The profit plan projected that the Bank's retail deposits would increase by $246.2M (14.9 per cent), and wholesale deposits by $373.3M (62.8 per cent). The profit plan was described in the minutes of the Board meeting held on 25 July 1985, at which it was approved by directors, as being "aggressive in its assumptions regarding asset and liability growth." ()

The strategy proposed in the strategic plan included the making of corporate loans at interest rates that effectively meant that the loans might not be profitable in the short term. The strategic plan stated, in respect of the "external and internal factors impacting five year strategic objectives", that increased competition, particularly from new foreign-owned banks, would result in:

"... substantial loss leader operations in key market segments. The Bank must be prepared to counter these to protect key segments or key customers ... Within the Corporate and International sectors we are in effect competing on exactly the same ground as the new bank entrants. With the added benefits of our local identity there is no reason that we should expect significant restraints to growth other than the continued pressure on margins that will result from the inevitable loss leader operations." ()

The Bank's 1986 Annual Report made express reference to the impact on profitability of the need to engage in corporate lending to protect market share, saying:

"Corporate lending volume was particularly impressive in view of the extremely competitive conditions which prevailed. Profits were affect [sic] by the fine margins necessary to secure business." ()

The strategic plan also identified some of the internal constraints on the expansion of the Bank's business, stating that "with the growth that the Bank is currently experiencing and with the rapid and increasing pace of change within the banking industry the Bank has a clear need to upgrade some of its human resource, management development and planning capabilities." (). The plan listed some critical issues regarding the Bank's information systems, and stated that:

"Once this development exercise has been completed the Bank will be in an excellent position to pursue major new product development exercises, to exploit electronic banking services, offer substantially improved services to corporate customers, and to acquire improved management information particularly as it relates to customer and product cost and profitability. This information should be collected in such a way that it reflects the value of a customer to the entire group not just the Bank or a subsidiary." ()

The plan included a variety of specific "strategic programs" intended to address these internal requirements, including allocation of responsibility for particular programs, and timetables for action.

1986

The 1986 strategic plan (for the financial years 1987-1991) proposed a "new approach". The plan noted that:

"The Bank's performance during this (1986) financial year has highlighted a number of weaknesses in the organisation. Continued movement in its current direction would result in a future slowdown in asset growth and profitability. This position is not acceptable. It has become apparent that a gap is emerging between where the Bank is currently heading, and where the Bank wants to be by 1991." ()
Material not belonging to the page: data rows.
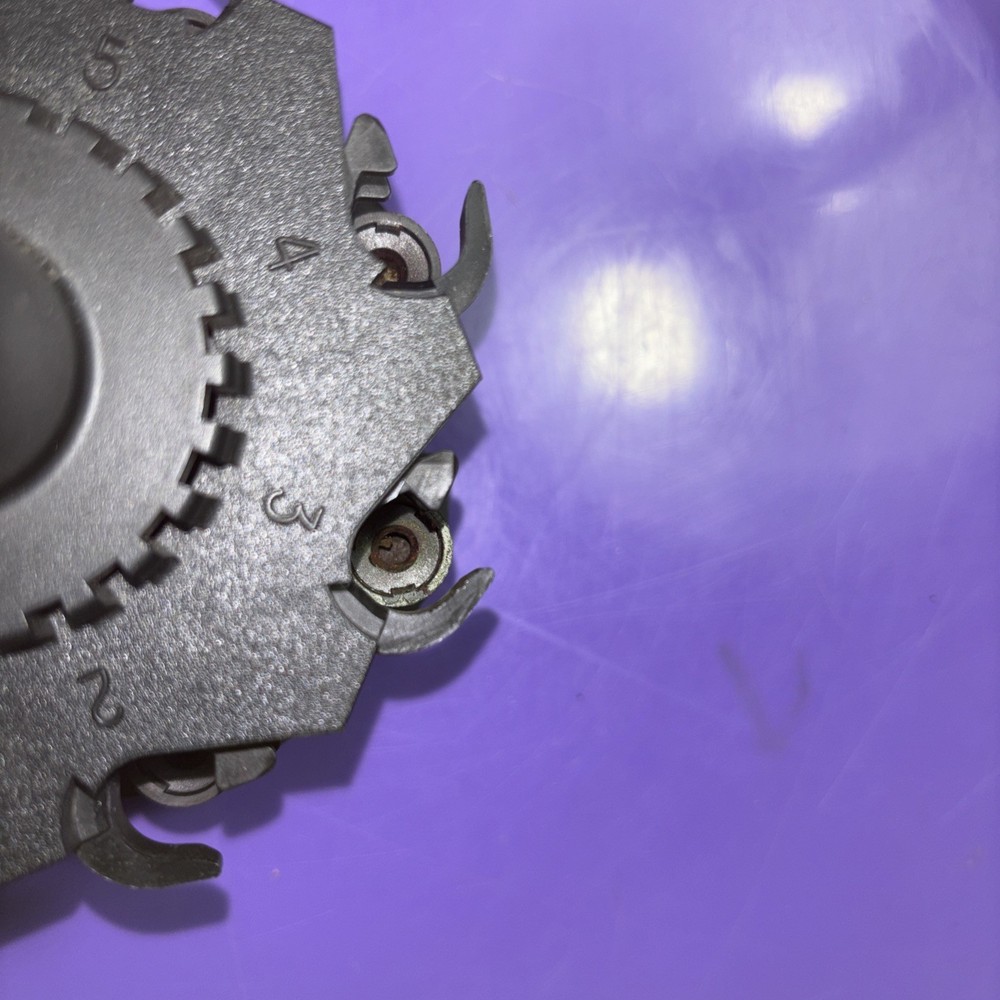 Hewlett-Packard Hp 7550A, 7550 Plus Plotter Carousel.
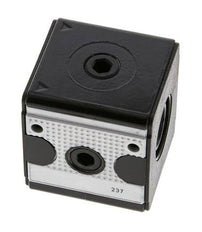 Verdeler G3/8 700 l/min met terugslagklep Multifix 1
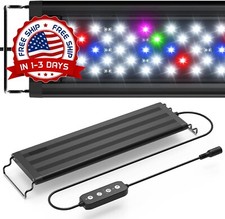 Usb L mpara Con Un Clip De Acuario Con Enchufe Luz Led Impermeable Para Pecera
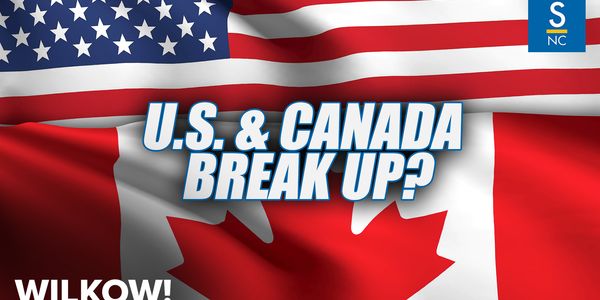 Mark Carney Wants Canada To Break Up With The U.S.
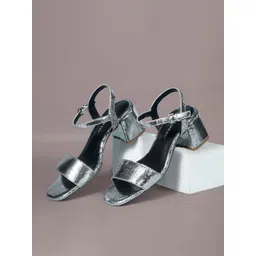 Nine West Women Ethnic Block Sandals-picture-38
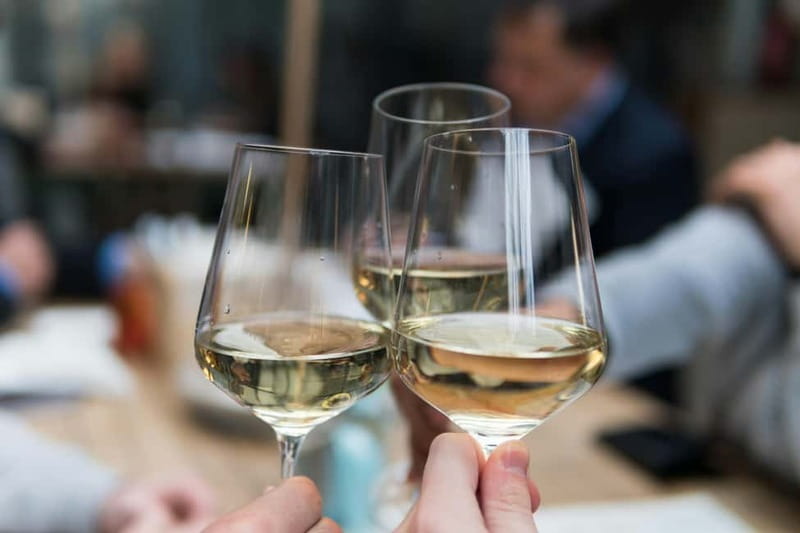 Corfu: Wine Tasting with 5 native grape varieties. - Learning to judge quality without becoming a wine expert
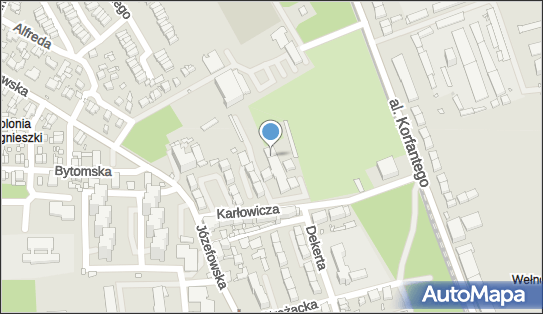 Ninjacode, ul. Mieczysława Karłowicza 11A, Katowice 40-145 - Przedsiębiorstwo, Firma, NIP: 2220882960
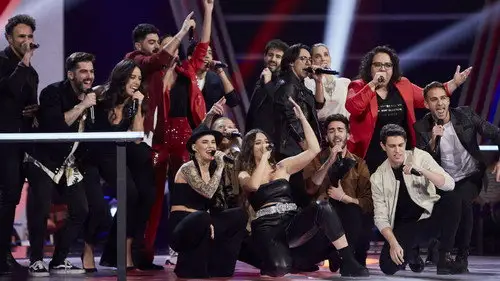 La voz Temporada 7 Episodios 10 • Sub Español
The particular problem identified was declining profitability: after a "very successful" year in 1985 (assets up 31.4 per cent, Group operating profit of $37.0M), profit for the first half of 1986 (the six months ended 31 December 1985) was only $16.66M, $3.24M below budget. (For the full 1986 financial year, the Bank's profit increased 19.6 per cent, while assets increased by 59.5 per cent.) The plan stated:

"In its formative year the Bank achieved a very high rate of growth, exceeding that of industry competitors. The high growth rate determines to a large degree the expectations of profitability and business growth for the coming years. These expectations are held by the Bank management and possibly by the State Government and the general public.

It should be remembered that these new expectations may well be above those of the industry as a whole. Their successful pursuit in terms of profitability and business growth will tend to strengthen the Bank's and the Group's corporate image, while simultaneously placing considerable stresses upon the organisation.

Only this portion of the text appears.